The historical circumstances of Nabokov’s assimilation in America, his success, and probably his reputation as the author of a deviant sex book all seem to have made him gradually displace the meaning of “queerness” as cognitively rich difference in favor of the meaning of “queerness” as a threat to the “norm.” From a normative, assimilationist standpoint, “queerness” is a threat. The writer seems to have learned to deprioritize the positive connotations of this specific word the way today’s reader has learned to prioritize them. The political shifts of the 1960s, 70s, 80s, and 90s thus constitute not just a lexical but ultimately epistemological watershed, and not just between Nabokov and today’s reader, but also, more importantly perhaps, between an outsider Nabokov and a successful Nabokov. The outsider Nabokov is there, hidden in plain sight, eclipsed by his assimilated twin and a few generations’ worth of critical, scholarly confirmations of assimilation as the norm.

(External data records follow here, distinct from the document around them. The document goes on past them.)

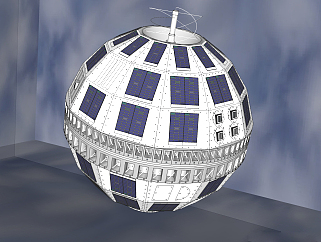 现代<em>球形</em>卫星草图大师模型，卫星su模型下载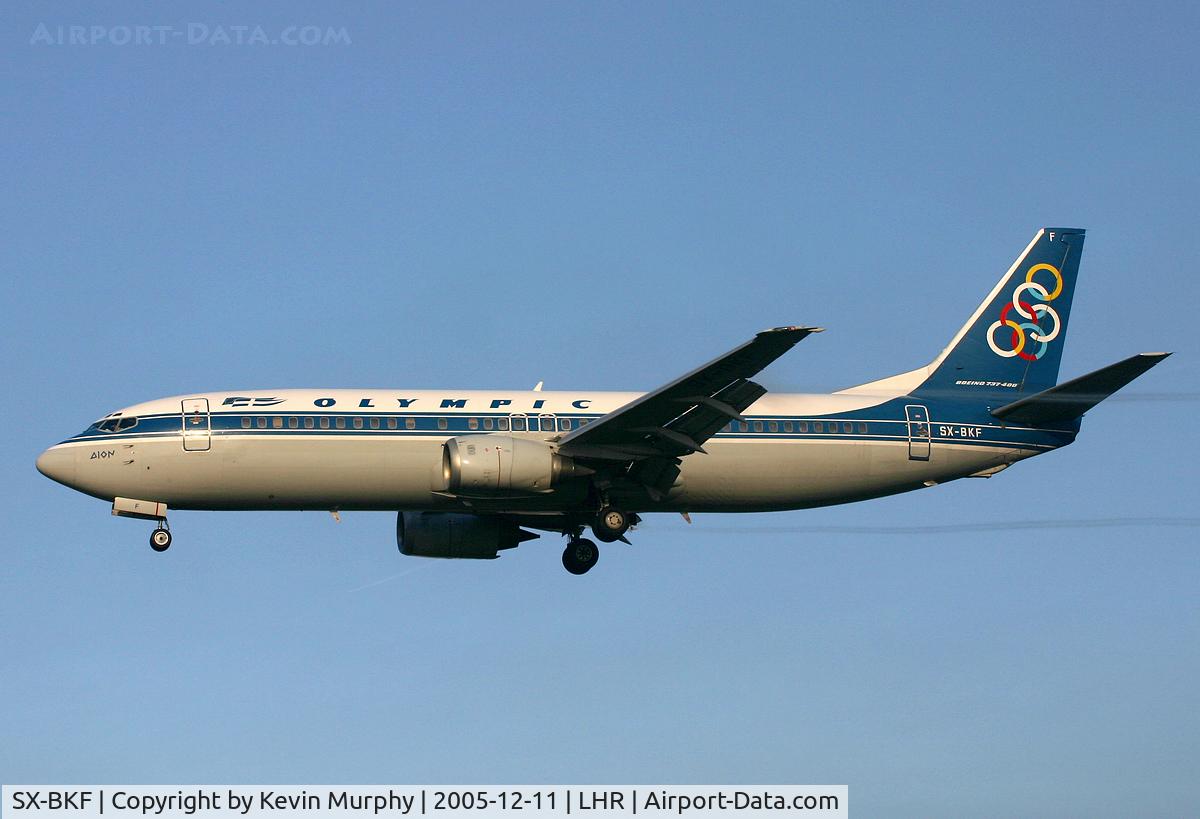 SX-BKF, 1991 Boeing 737-484 C/N 25430, Olympic coming into LHR's 27L.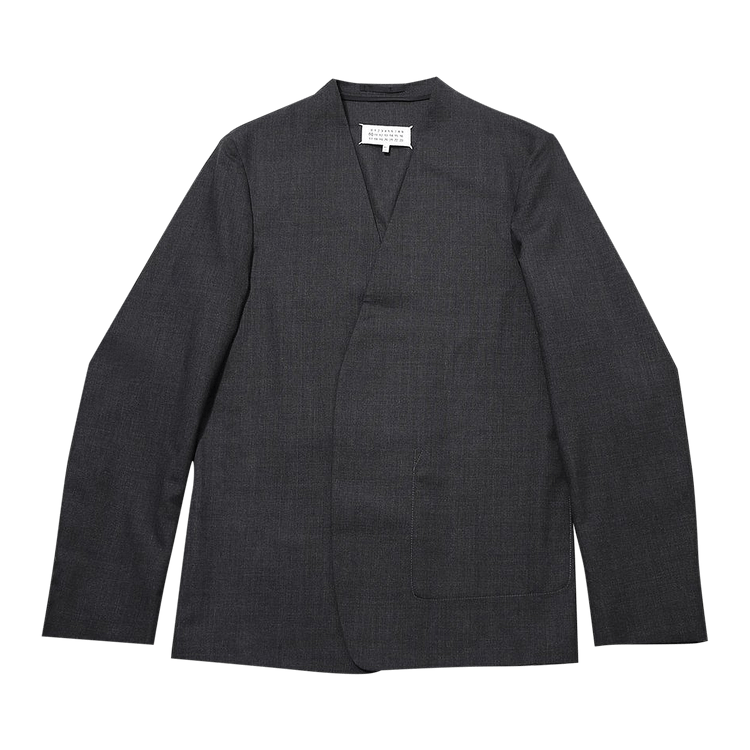 Maison Margiela Collarless Jacket "Dark Grey Melange"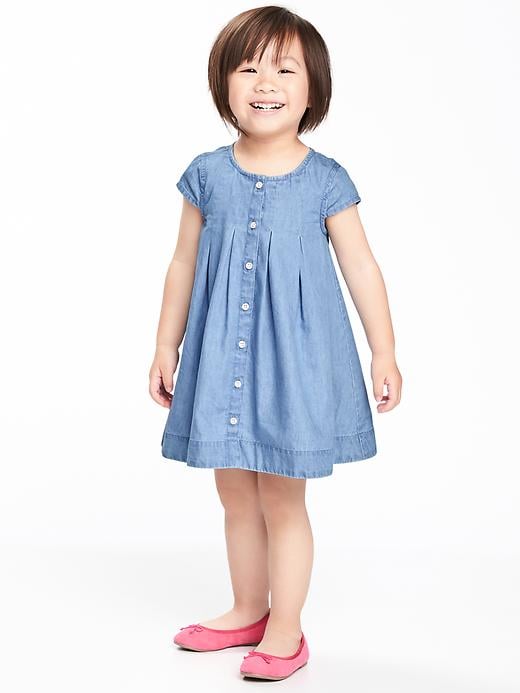 View large product image 1 of 2. Pleated Denim Swing Dress for Toddler Girls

Nabokov, Utopia, and Queer Futurity
Historicizing can provide grounds for congruency, but it requires an exercise in what Sedgwick calls a reparative epistemology to counterbalance the paranoid epistemology of a controlled, assimilationist, self-normativized Nabokov of the late 1960s. The one remaining question would be: Why should anyone care to exercise this kind of reparative imagination? Who needs this congruency across difference? Who needs an outsider Nabokov?

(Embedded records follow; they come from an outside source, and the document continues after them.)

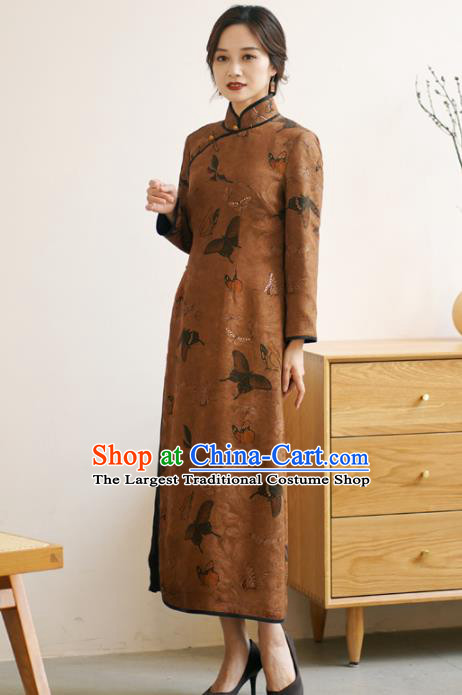 Republic of China Classical Butterfly Pattern Design Qipao Dress Top Brown Silk Female Cheongsam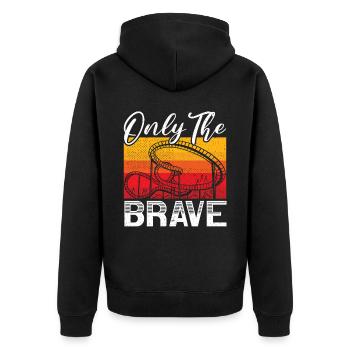Seulement les braves montagnes russes Buddy - Veste à capuche bio Premium Unisexe - noir - Dos - Nico (187cm)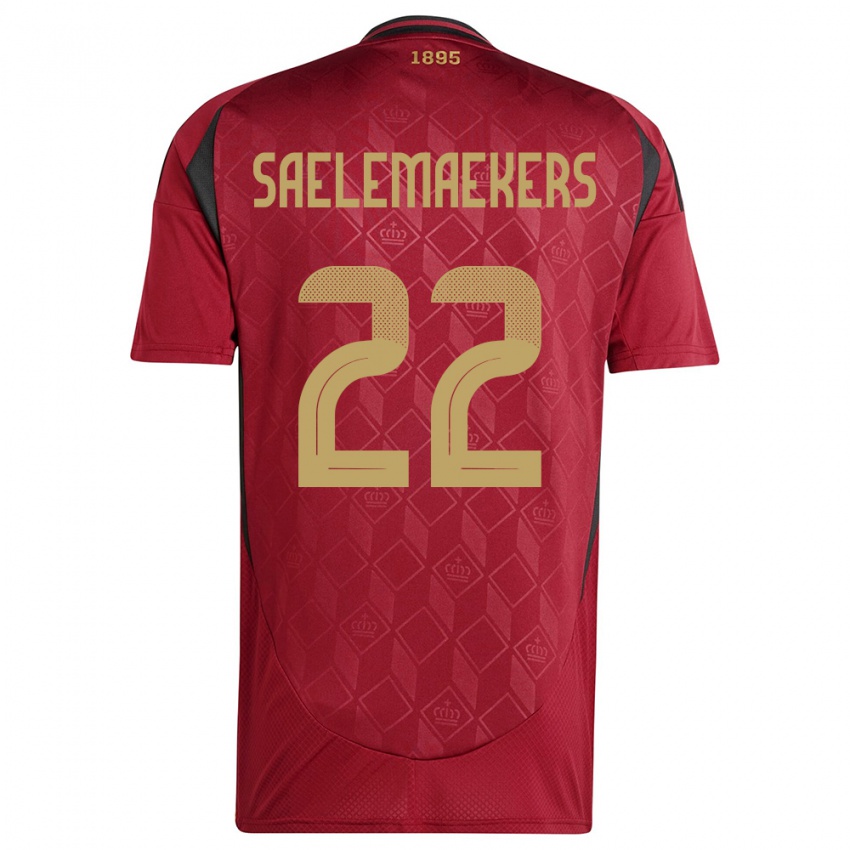 Hombre Camiseta Bélgica Alexis Saelemaekers #22 Borgoña 1ª Equipación 24-26 La Camisa México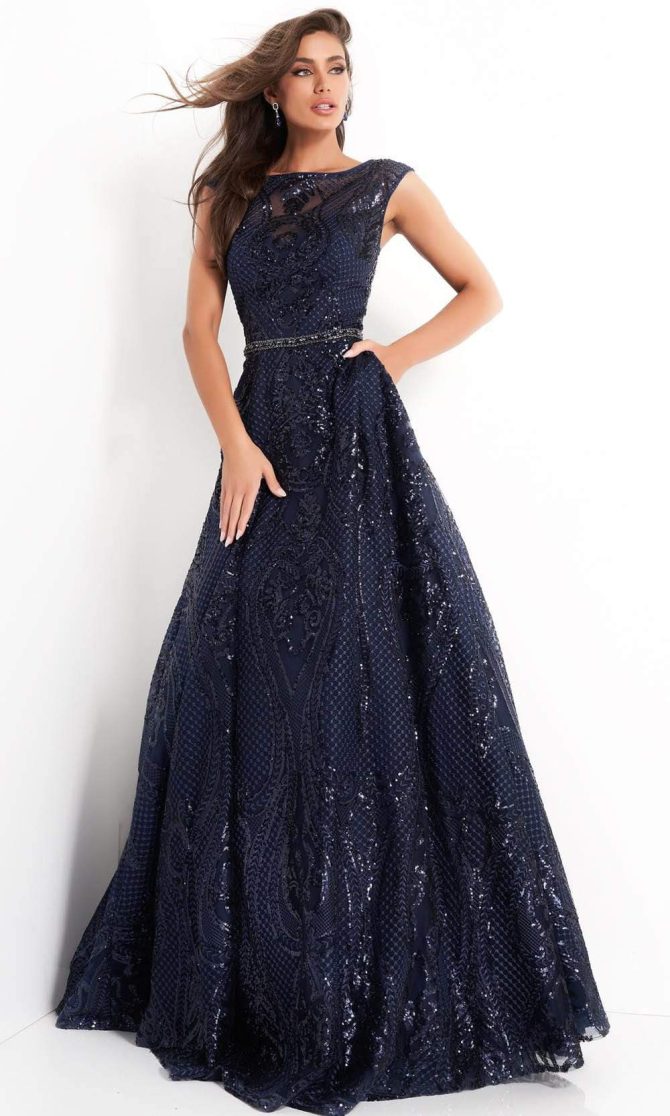 02514 Cap Sleeve Sequin Embroidered A-Line Gown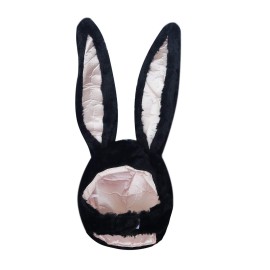 Bestjybt Plush Funny Bunny Rabbit Ears Hood Women Party Hats (Black)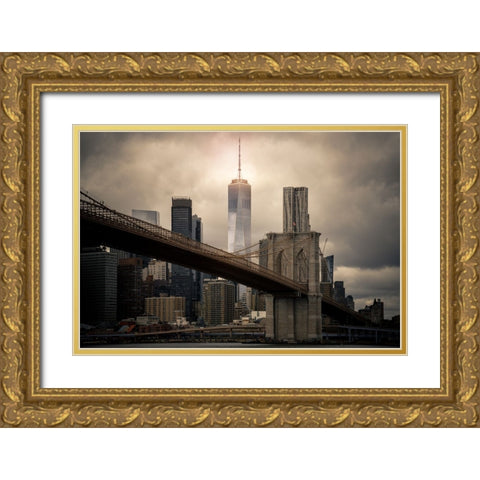 New York Skyline Gold Ornate Wood Framed Art Print with Double Matting by Fahmy, Ahmed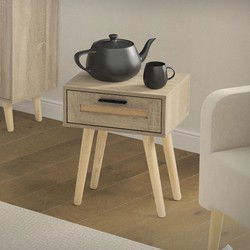 Nachtkastje 40x50,5x30 cm eikenlook bijzettafel met rotan front & massief houten poten ML design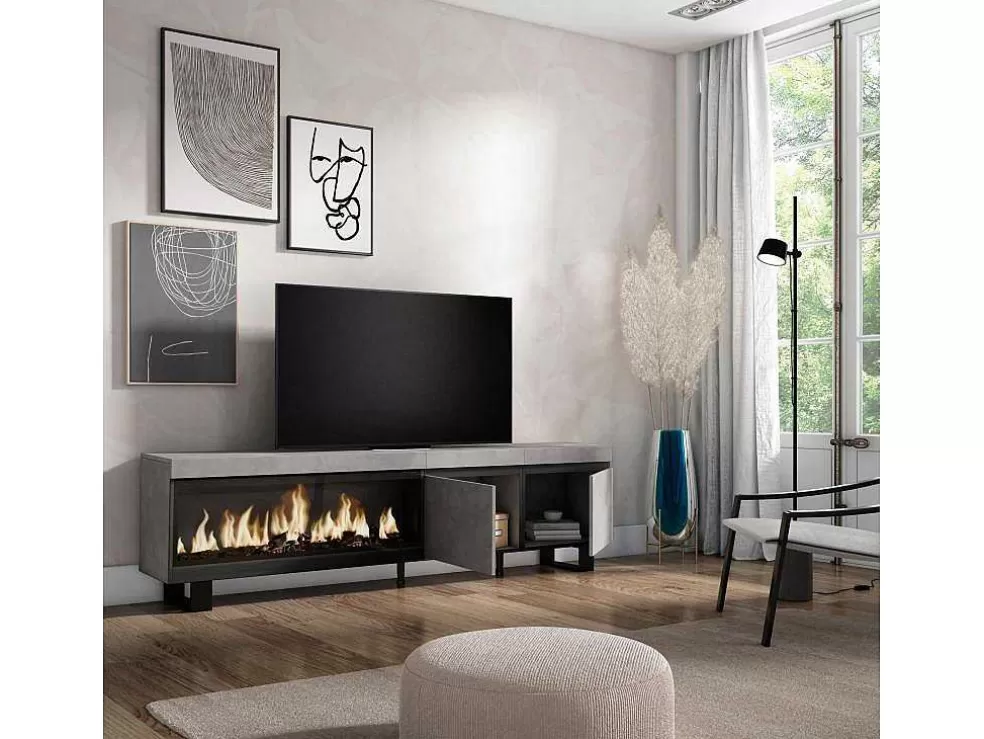 Skraut Home Móvel De Tv, 210, Para Televisores Ate 80", Lareira Electrica Xxl, Design Industrial, Cimento* Móvel De Tv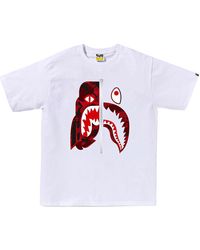 A Bathing Ape - Color Camo Tiger Shark T-Shirt 0Zxtem018101P" - Lyst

We may find an answer to these questions if we return to Sedgwick and her definition of performativity, or attending to the uses of knowledge. By attending to how we respond to the truth we uncover, we become critically self-aware, include our own motives in our analysis, emerge as interpretive agents.
When we’re asking whether Nabokov, queer or otherwise, is “worth reading,” we’re also asking whether Nabokov is “worth writing about.” We break down that global question into arguably more relevant local ones: “Whom does the genre of critical writing about queerness in Nabokov serve? The author? The critic? The reader? And which of the historically divergent avatars of the author, critic, and reader does my critical writing about queerness in Nabokov serve?”
I want to finish by invoking José Esteban Muñoz’s idea that queerness finds a positive dimension, not so much in liberalism with its gentrifying assimilationism and its ambivalence towards difference at best, as in the more radical concept of utopia. Today’s reader duly acknowledges Nabokov’s fear of utopias, Nabokov’s American Cold-War avatar as anti-utopian, but they don’t have to predicate their understanding and appreciation of the writer on imitating him in that respect. A queer, outsider, future, utopian Nabokov is a surprising Nabokov that might have been, giving sustenance to a reader who is or may still be.
Nabokov’s writing—complicated, conflicted, historically juicy—remains a worthy locus of attention and a source of immense hermeneutic joy, for the reader, critic, teacher, student. And critical writing about queerness in Nabokov, while remaining historically honest, can “promise” or “smuggle” or “distill” a surprising, hopeful, nourishing future even from the past whose avowed desire was not to nourish it.